Bu fark 1.75 TL’lik primle kapatılmaya çalışılsa da, ödeme Şubat ayında yapıldı ve yüksek enflasyon nedeniyle daha çiftçinin eline geçmeden buharlaştı.
2025 yılında ise maliyetler daha da artmış; bugün Edirne’de 1 kilogram buğday üretiminin maliyeti 15 - 16TL seviyelerine ulaşmıştır.
Bu tablo karşısında, bu yıl açıklanacak alım fiyatının 20TL’nin altında olmaması gerektiği artık tartışmasız bir gerçektir. Çünkü sürdürülebilir tarım, ancak üretim maliyetleri karşılandığında mümkündür.
Aksi durumda bu fiyat, çiftçiye açıkça “üretme” demektir. Eğer bu fiyat sağlanamıyorsa, önceki yıllarda olduğu gibi destek primleri mutlaka devam etmelidir.
Üstelik yeni destekleme modeline baktığımızda, geçmişte verilen bazı desteklerin artık verilmeyeceği anlaşılmaktadır. Bu nedenle, ya fiyat maliyeti karşılamalı ya da çiftçi yalnız bırakılmamalıdır.
Bir konuda da açık uyarıda bulunmak istiyoruz: Destek adı altında, enflasyona yenik düşen ve geciken ödemeler artık çiftçiye destek değil, adeta ihmalin belgesidir!

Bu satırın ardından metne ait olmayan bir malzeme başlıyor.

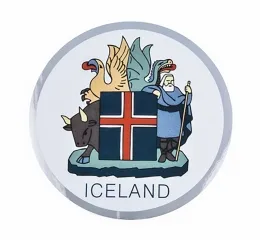 Aufkleber - rund - Island-Wappen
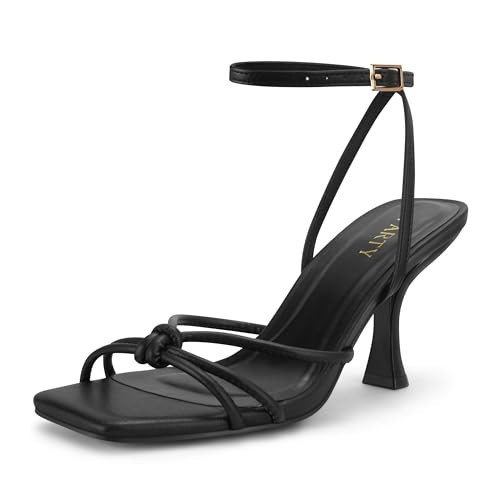 PARTY Women's Square Open Toe Strappy Heeled Sandals 3 inch Stiletto Kitten Heel with Ankle Buckle Strap, Comfortable Slingback Summer Dress Shoes,Black Pu,8.5 | Amazon (US)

Çiftçi enflasyonu dikkate alınmadan verilen hiçbir ödeme üreticiyi ayakta tutamaz.
Zamanında ödenmeyen hiçbir destek gerçek bir destek değildir.
Üretici, ürününü ofise teslim ettikten sonra en geç 10 gün içinde parasını almalıdır.
2024 yılında 35 gün sonra yapılan ödemeler çiftçimizi borçla boğuşur hale getirmiştir. Bu kabul edilemez bir mağduriyettir.
Bugün gelinen noktada bu yanlış politikalar sonucunda:
* Üretici üretimden çekilmekte,
* Tarım arazileri boş kalmakta,
* Genç kuşak toprağı terk etmekte,
* Gıda arz güvenliği ciddi risk altına girmektedir.
Bu yalnızca kırsalın ya da üreticinin değil, bu ülkenin 85 milyon insanının sorunudur.
Çünkü tarım çökerse, şehirdeki sofralarda da ekmek eksilir.
Çünkü toprak boş kalırsa, raflar da boş kalır.
Çözüm nettir:
* Gerçekçi ve maliyeti karşılayan alım fiyatları açıklanmalıdır. Alım fiyatları maliyetin altında kalamaz!
* Desteklemeler zamanında, etkili, enflasyona göre güncellenerek ve gerçek değerinde yapılmalıdır.
* Ödeme süresi 10 günü geçmemelidir.
* Üreticiye yalnız olmadığını hissettirecek sosyal ve ekonomik politikalar geliştirilmelidir.
* Çiftçinin emeği asla yok sayılmamalıdır.
Biz Cumhuriyet Halk Partisi olarak, bu ülkenin üreten ellerini yalnız bırakmayacağız.
Çiftçimizin emeğini, hakkını ve onurunu sonuna kadar savunmaya devam edeceğiz. Toprağına sırtını dönmeyen çiftçiye, biz de sırtımızı dönemeyiz! Tüm bu zorluklara rağmen inadına üretmeye devam eden, alın teriyle bu ülkeyi doyuran, yaşatan, var eden tüm çiftçilerimizin 14 Mayıs Dünya Çiftçiler Günü’nü yürekten kutluyoruz. Unutmayalım: Toprağa emek düşerse, vatana bereket doğar. Çiftçi üretirse, Türkiye güçlenir.”